Get a bunch of grandmas around a table, and you can be sure they won’t run out of things to chat about.
On the day I attend, the grandmas spend their first few minutes kind of half-complaining, half-joking about how kids don’t learn cursive writing anymore.
But then things turn heavier. A couple of the women say they’re concerned about social promotion — how teachers sometimes move kids to the next grade before they’re really ready.
"It’s frustrating to a kid if they start out trying to do something and they can’t," says one grandmother. "And then everything you do, the next thing builds on so the kid is frustrated from the jump."
Not alone
Peggy Ellen Faulkner chimes in with her own story, about her younger grandson, who brought home F’s on his report card.
"I called the school and said, 'I know you’re not passing him.’ [They said] ‘Ms.

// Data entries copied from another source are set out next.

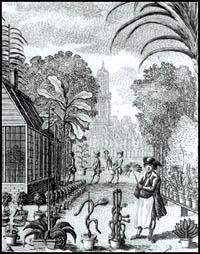 Archivo:Jardins botaniques de Sonnenborgh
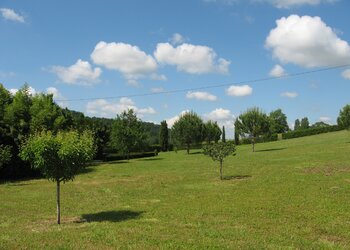 Top Vakantiehuizen | Bed and Breakfast
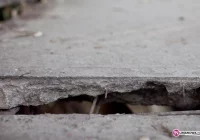 Obiecanki burmistrza - most na Targowej - zdjęcie główne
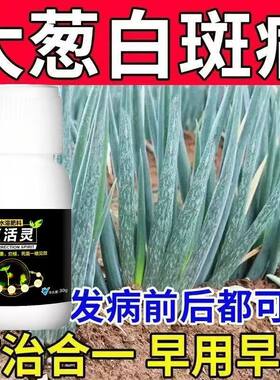 小葱白斑病葱叶有白点白粉病黄叶病病全治大葱白点白斑病全治杀菌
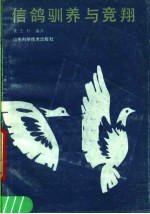 信鸽驯养与竞翔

Faulkner, what are you talking about?’ [I said] ‘He got an F in reading and an F in math. He’s not being passed, i’m telling you now.’ They’re like, 'Ms. Faulkner —’ ‘No, i don’t want to hear it. He’s not passing.’"
You might think, from the confident way she talks, that Peggy Ellen fit right into this group from the beginning, no problems. But actually, when she came to her first Grandmothers Club meeting about four years ago, not long after she was asking God why he sent her two grandsons, she was nervous.
"I didn’t want to talk because I didn’t know anybody," she says. "And they made everybody introduce themselves and when they got to me it just seemed like all the sudden I just opened up."
She found herself telling her whole story. The black eye, the custody battle, how she’d never tried raising two kids at the same time before.
And all around the table, she saw other women her age. Nodding their heads. Listening.
They were looking back at her like she was one of them.
"With open arms, you know? And like it’s all right," she says. "Because I did kinda come to tears for a minute but they let me know it was all right. I was safe."
She pauses.
"You think you’re alone but you’re not."
Comfort and crying
According to Brenda Cheatham, who organizes the group for Fairhill Partners and is also a member, that may be the chief value of the Grandmothers Club - feeling, for at least an hour or two a day, that you’re not alone.
"We have a camaraderie," she says. "If I’m having a problem, nine times out of 10 the other grandma has had that problem. And she can help me, direct me, comfort me, we cry together."
Cheetham also brings in professionals to give talks. Not just about how to raise grandkids, but how grandmas can keep themselves healthy, too. That’s important for aging people who have to chase toddlers at a stage of life when most people are slowing down and taking it easy.
"If they come in and say, 'Well, Brenda, I want to know about diabetes, can you get a nurse to come in? Can you get a lawyer that deals with seniors? Then I try to find a lawyer."
A recent study showed that grandparents’ health initially declines when they take in grandkids, probably due to the jolt of activity and stress that kids bring. But if grandparents find the resilience — and support — to stick it out, the study said their health actually improves over what it was pre-kids.
Peggy Ellen Faulkner has a theory about why.
"If you sit down and do nothing, I found out, you waste away," she says. "Not just physically but mentally. So with them around, physically I had to move around, but then I always needed to be thinking, reading things, teaching them."
Resting and doing nothing may have sounded good, she says, but the reality may have been far different.
"I’m glad they’re here," she says. "They’re gorgeous, they’re beautiful, they need me — and I need them."
And for all the times when they, or their teachers, are driving her crazy — or when she’s just feeling lonely — she says she needs the Grandmothers Club, too.